At first glance, the grain yield potential of a variety often plays the most important role. This criterion is particularly relevant where the crop is sold under current common trading conditions.  In Germany, quality parameters such as protein content or grain size still rarely influence pricing when marketing to the agricultural trade or to processing companies. However, this could change in the future, especially with regard to the use of faba bean in human nutrition. Table 2 shows the average grain yields of faba bean harvested in Germany in the past 10 years.

 

 

Of the cultivars listed in the BSA’s BSL 2020, the following have yielded particularly well in German trials:

  • Macho
  • Stella
  • Trumpet

 

These cultivars were low yield in German trials:

  • Bianca
  • GL Sunrise

 

Crude protein content

The crude protein content is particularly relevant to processing companies that feed the harvested faba beans themselves. When marketing to the human sector, higher crude protein contents can lead to price premiums.

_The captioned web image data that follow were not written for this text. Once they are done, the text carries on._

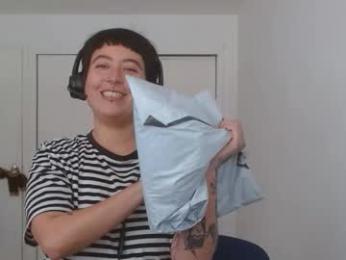 poly_mer webcam model stream image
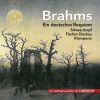 Download track Ein Deutsches Requiem, Op. 45 V. Ihr Habt Nun Traurigkeit. Langsam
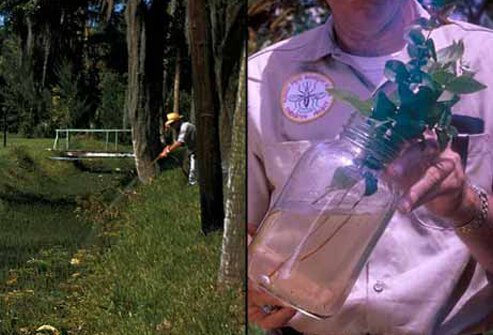Insecticides are commonly used when whole populations of mosquitoes need to be controlled or eradicated.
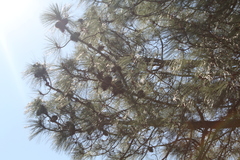 Pinus pseudostrobus apulcensis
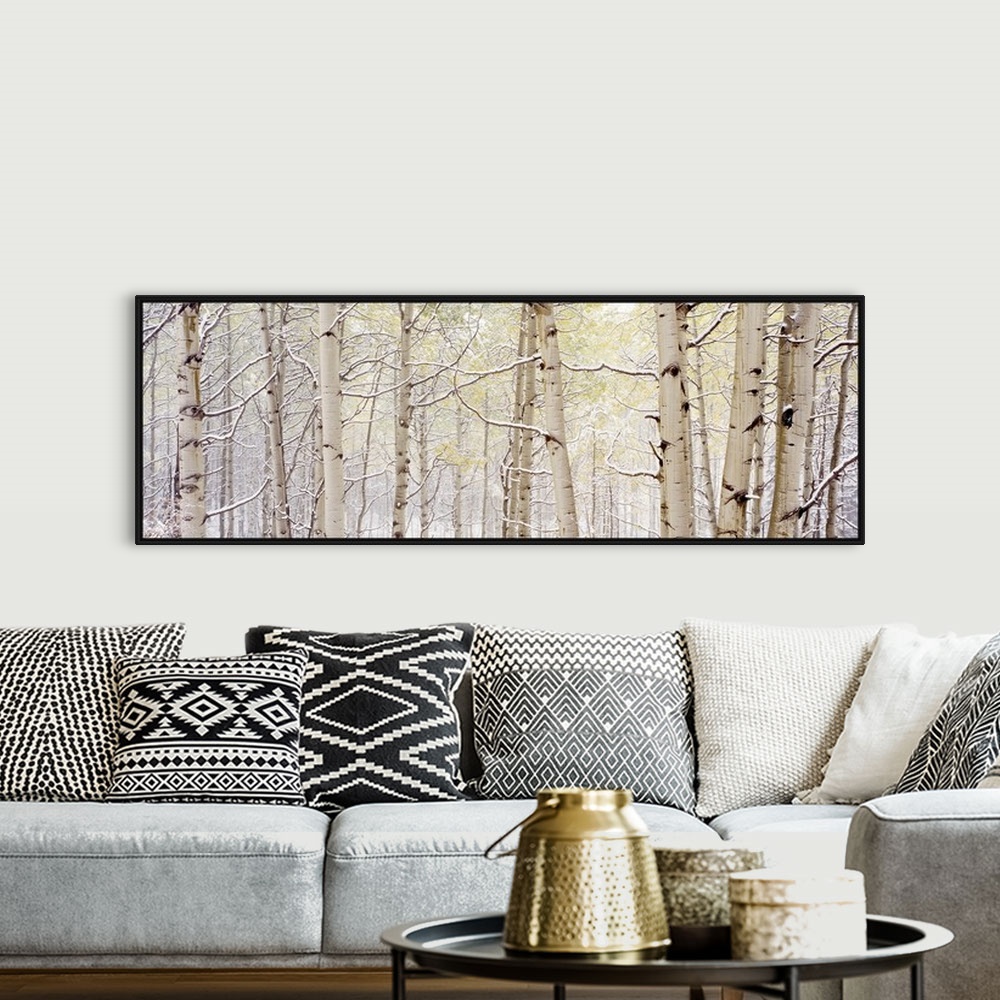 A bohemian room featuring A wide landscape photograph of snow in a forest of aspen trees. The neutral color palette of the ...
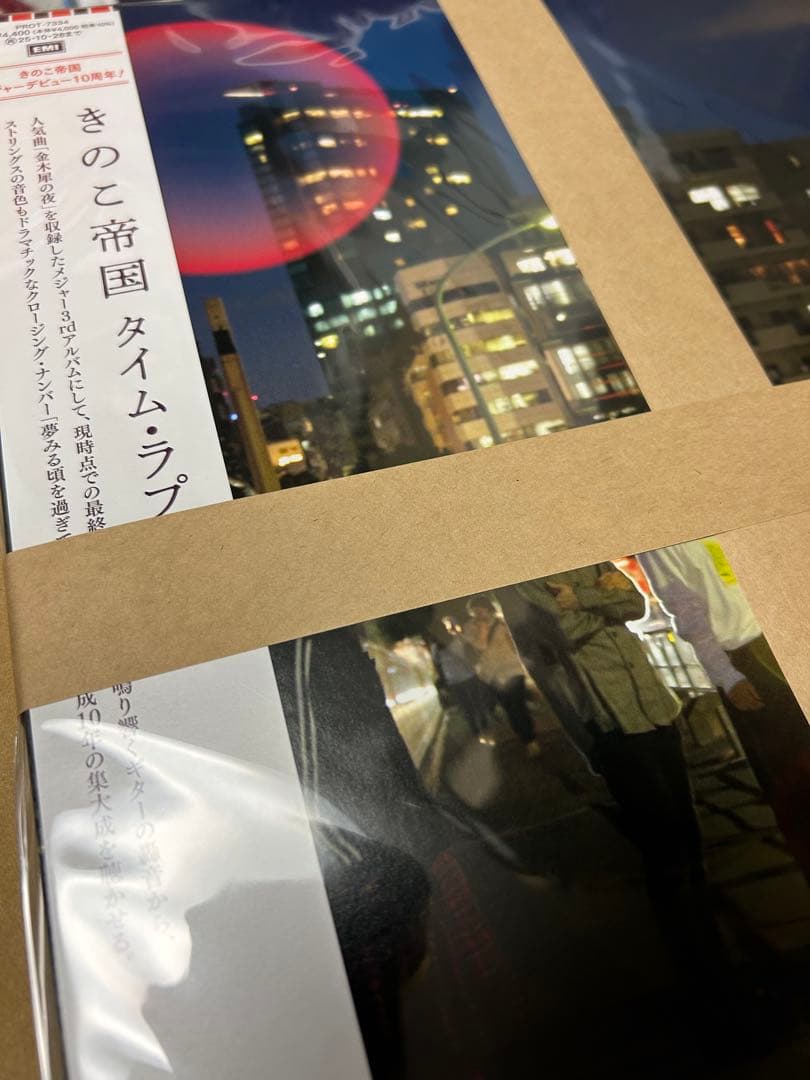 きのこ帝国 レコード 3点セット 猫とアレルギー タイムラプス 愛のゆくえ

In the case of trade between arable farming and processing companies, a fair pricing could be realised on the basis of the crude protein content as a value-added ingredient. From the crude protein analyses of the variety tests, the BSA indicates an average crude protein content of approx. 25% (at 86% dry matter (DM)) across all faba bean varieties. This corresponds to approx. 29% crude protein in the dry matter.

 

According to BSL, the following variety has a comparatively high crude protein content:

  • LG Cartouche (BSL 2020, no longer included in BSL 2021 due to insufficient number of test sites)
  • Dosis

 

These varieties have a comparatively low crude protein content:

  • Macho
  • Trumpet

 

Crude protein yield per area

Together with the grain yield potential, the crude protein content results in the crude protein yield per area. Most varieties with high grain yields have rather low crude protein contents, but still perform quite well in terms of crude protein yield per area due to the high mass yield. The crude protein yield per area is also primarily of interest to finishing farms. Especially when it is simply a matter of ensuring the total protein requirement, and less about the last gram of crude protein, i.e., the crude protein concentration, per kg DM of the feed ration.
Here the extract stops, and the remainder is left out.